= Brief =
With the pictures left out, restate exactly the part below that opens with the line containing "Three women sitting" and closes with the line containing "a man cooking hot dogs".

= The data =
-- Opening Marker --

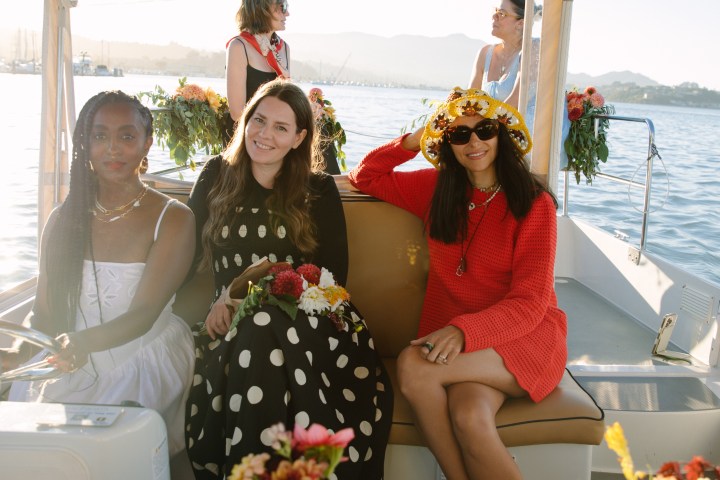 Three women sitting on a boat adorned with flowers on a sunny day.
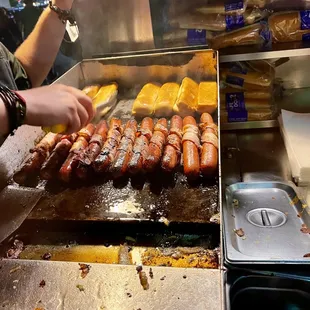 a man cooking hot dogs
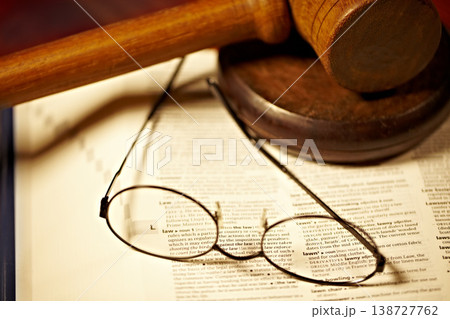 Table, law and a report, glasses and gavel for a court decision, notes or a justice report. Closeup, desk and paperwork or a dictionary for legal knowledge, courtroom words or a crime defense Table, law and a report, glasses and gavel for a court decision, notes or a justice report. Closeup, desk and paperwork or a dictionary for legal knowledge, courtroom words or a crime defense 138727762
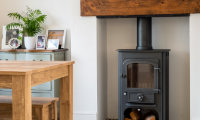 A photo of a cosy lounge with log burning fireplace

-- Closing Marker --
-- Opening Marker --

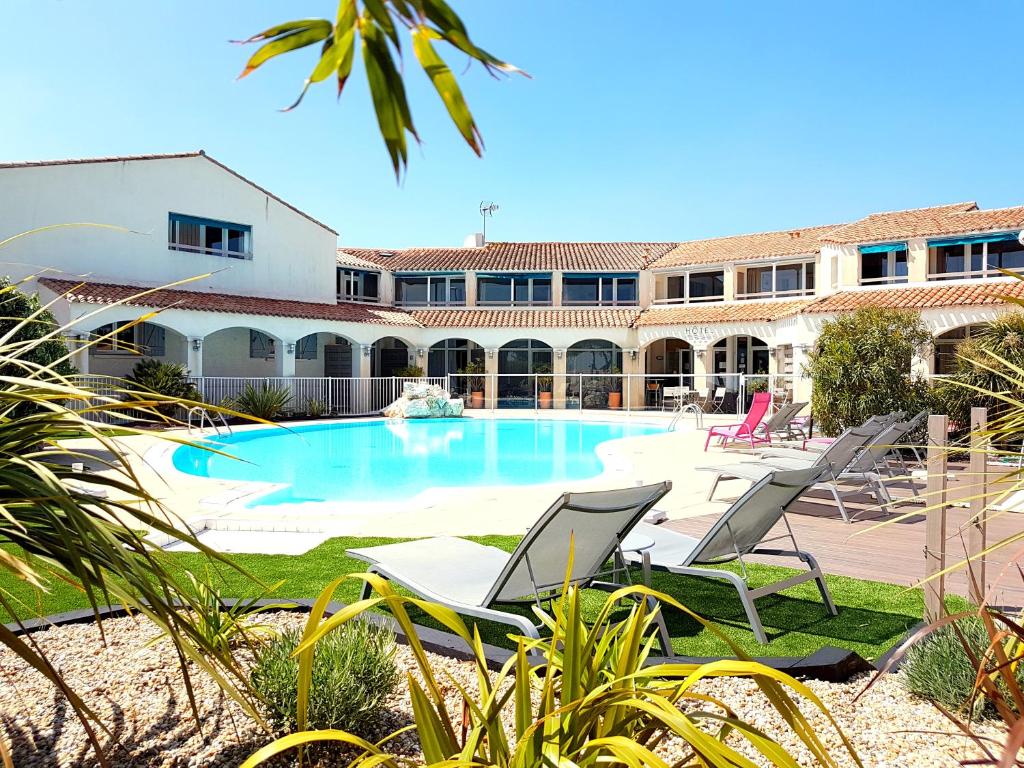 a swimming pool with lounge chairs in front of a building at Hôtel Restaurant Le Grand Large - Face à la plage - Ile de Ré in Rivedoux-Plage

-- Closing Marker --

= Your solution =
 Three women sitting on a boat adorned with flowers on a sunny day.
 a man cooking hot dogs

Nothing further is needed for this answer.